• TASK STATEMENT
Your copy of the data should match it exactly, leaving out only the pictures.

• DATA EXCERPT
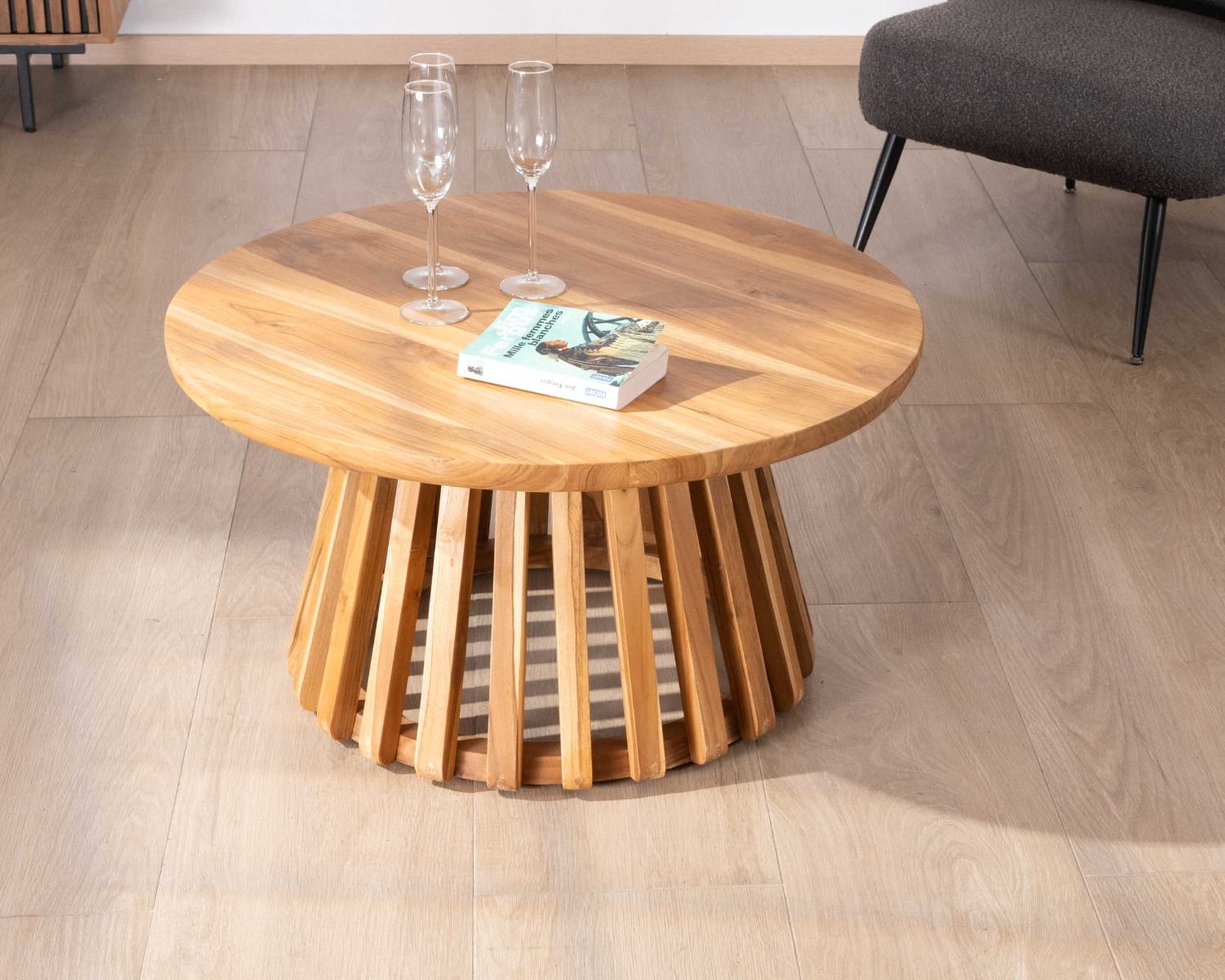 Table basse ronde en teck avec pied central ajouré "Dutipi"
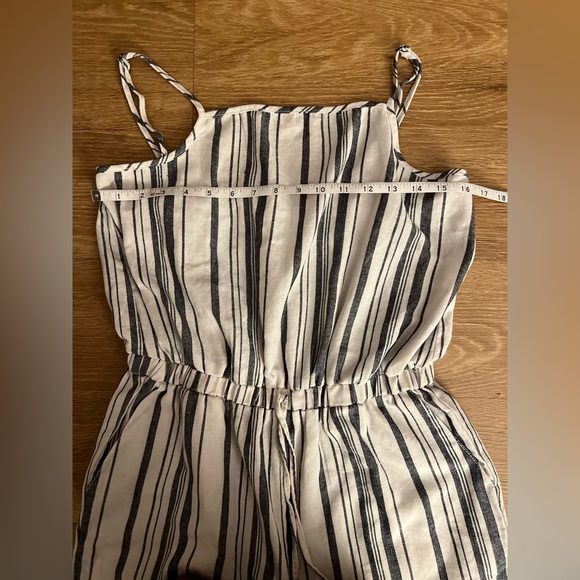 CisonoBlack and White Striped Sleeveless Jumpsuit with Relaxed Fit, size M. - Picture 9 of 13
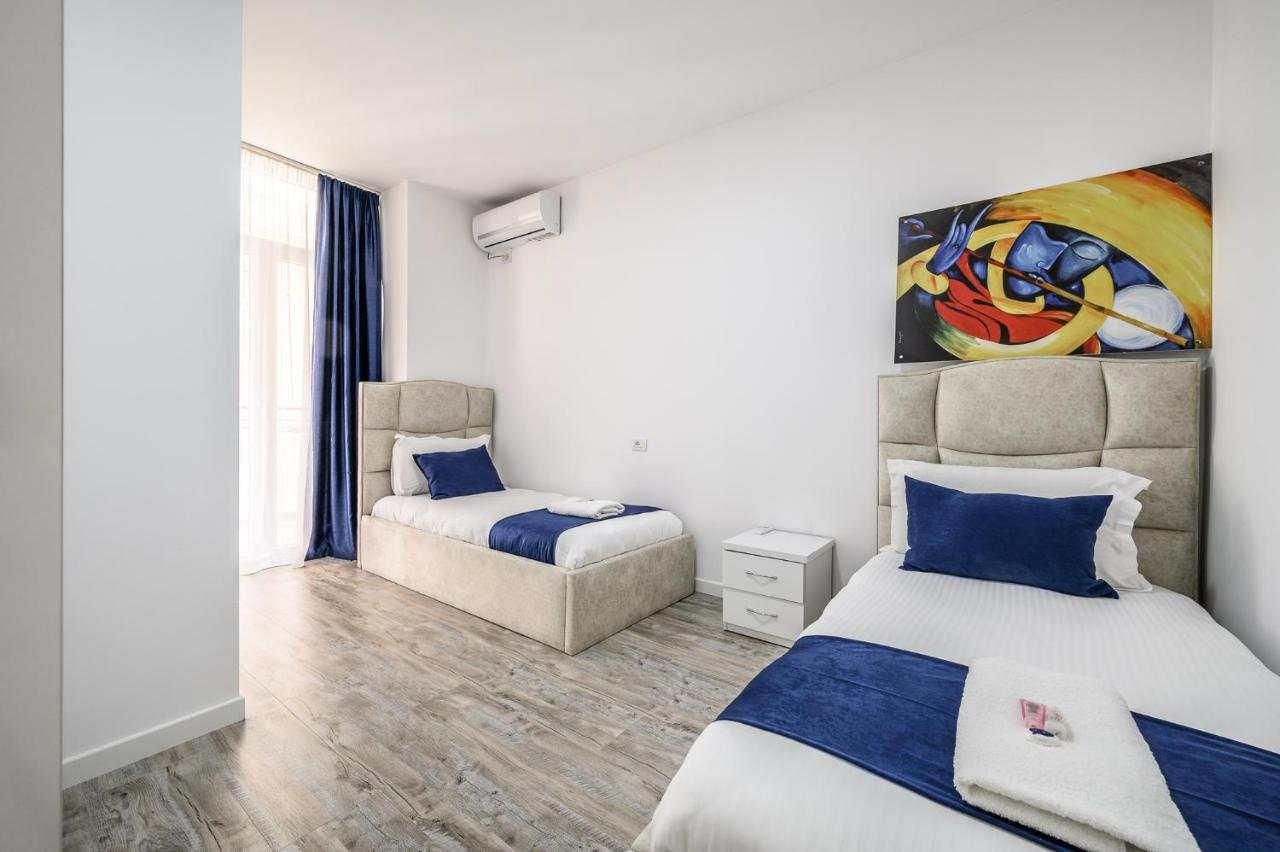 Miku Apartment-Modernly Designed Downtown Тирана Екстериор снимка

• TASK SOLUTION
 Table basse ronde en teck avec pied central ajouré "Dutipi"
 CisonoBlack and White Striped Sleeveless Jumpsuit with Relaxed Fit, size M. - Picture 9 of 13
 Miku Apartment-Modernly Designed Downtown Тирана Екстериор снимка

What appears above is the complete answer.